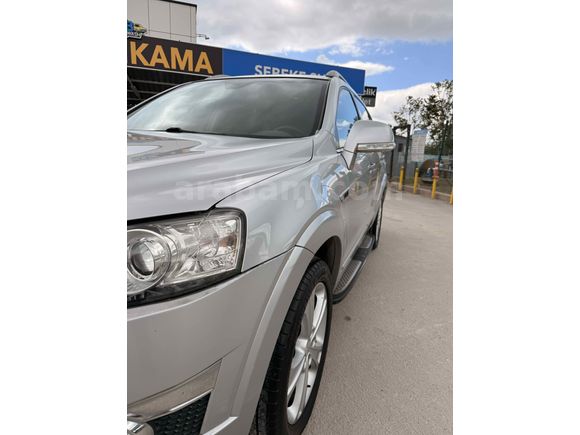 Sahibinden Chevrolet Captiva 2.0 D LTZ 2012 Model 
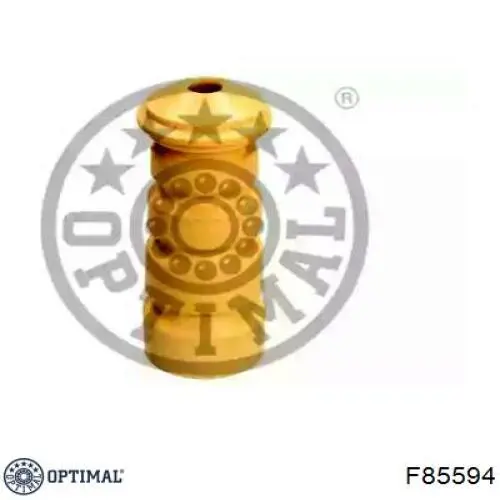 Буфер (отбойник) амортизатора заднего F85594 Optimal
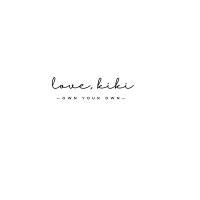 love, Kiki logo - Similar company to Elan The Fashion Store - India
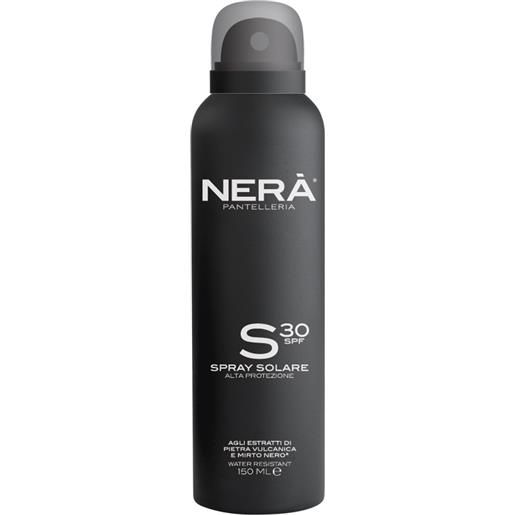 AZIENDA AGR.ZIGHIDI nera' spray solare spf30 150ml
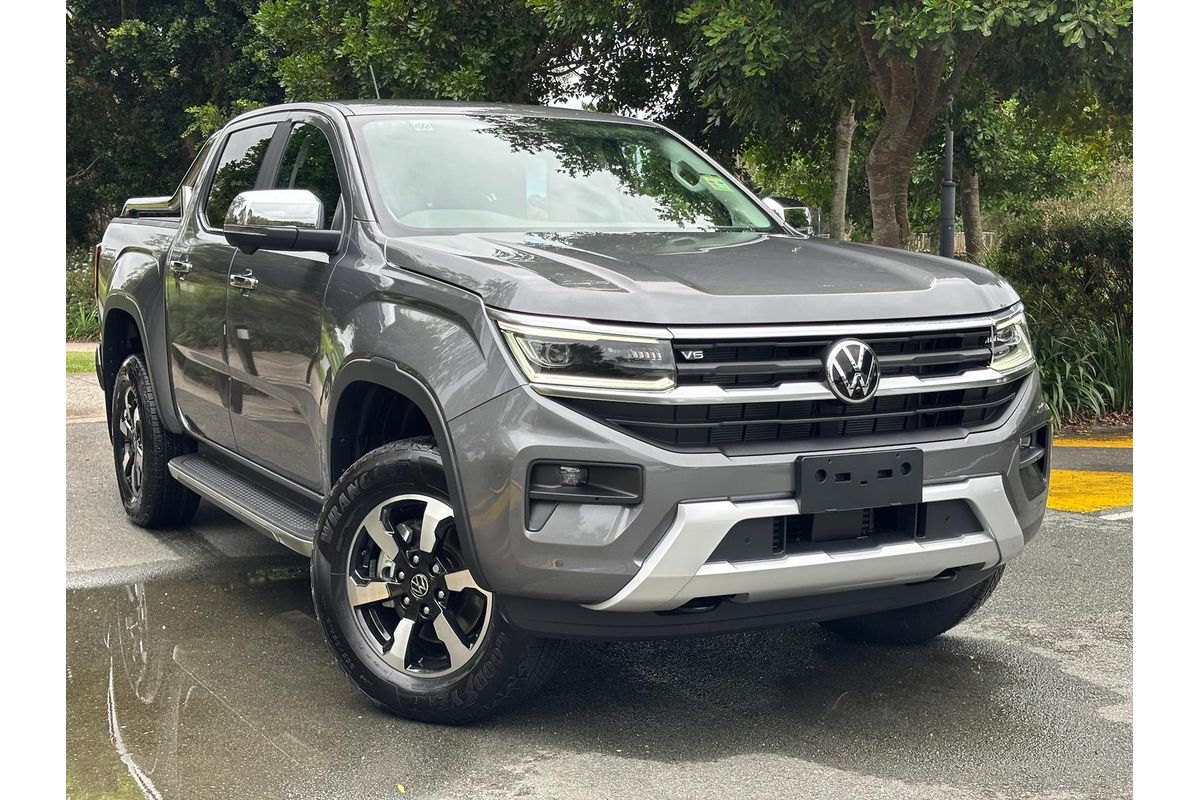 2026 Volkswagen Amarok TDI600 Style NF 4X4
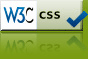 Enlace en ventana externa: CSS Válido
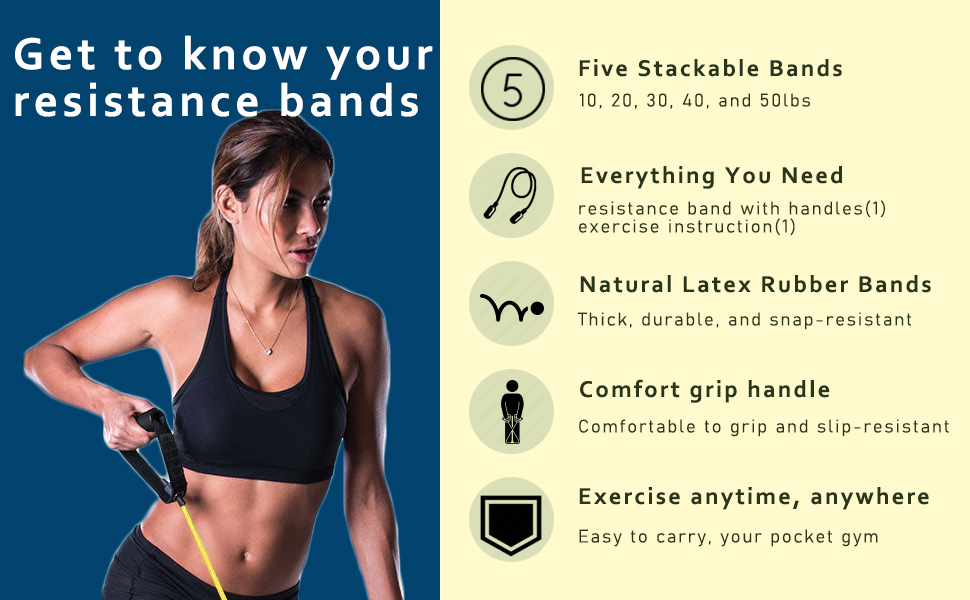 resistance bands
+ + + + + + +
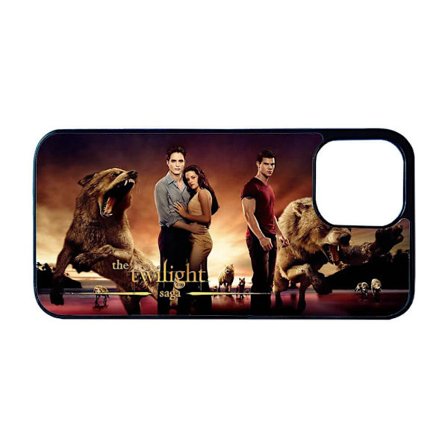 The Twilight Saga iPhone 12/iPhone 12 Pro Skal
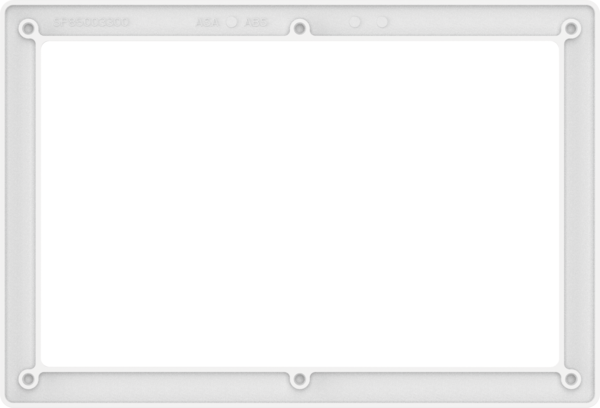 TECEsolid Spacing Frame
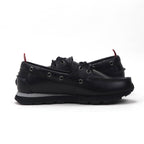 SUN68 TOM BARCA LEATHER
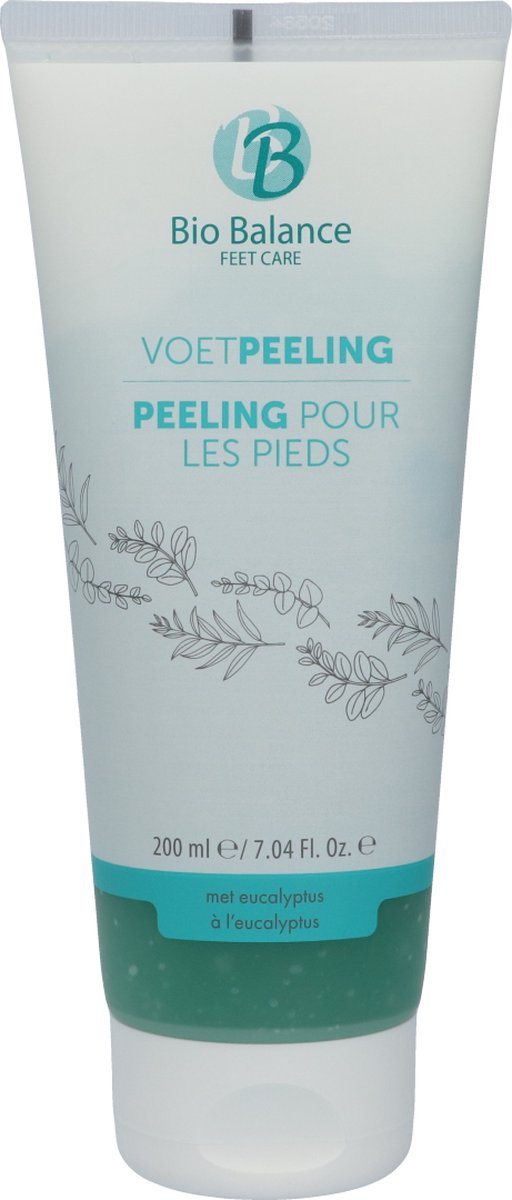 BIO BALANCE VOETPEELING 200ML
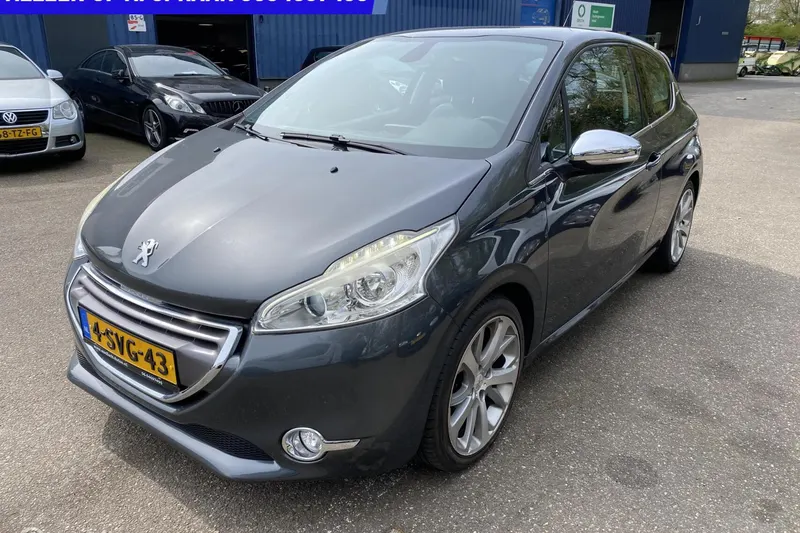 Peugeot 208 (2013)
+ + + + + + +
== WORK ITEM ==
The answer must be the lines above from the one containing "Sahibinden Chevrolet Captiva" through the one containing "resistance bands", reproduced exactly, with no pictures and nothing else.

== RESPONSE BELOW ==
 Sahibinden Chevrolet Captiva 2.0 D LTZ 2012 Model 
 Буфер (отбойник) амортизатора заднего F85594 Optimal
 love, Kiki logo - Similar company to Elan The Fashion Store - India
 AZIENDA AGR.ZIGHIDI nera' spray solare spf30 150ml
 2026 Volkswagen Amarok TDI600 Style NF 4X4
 Enlace en ventana externa: CSS Válido
 resistance bands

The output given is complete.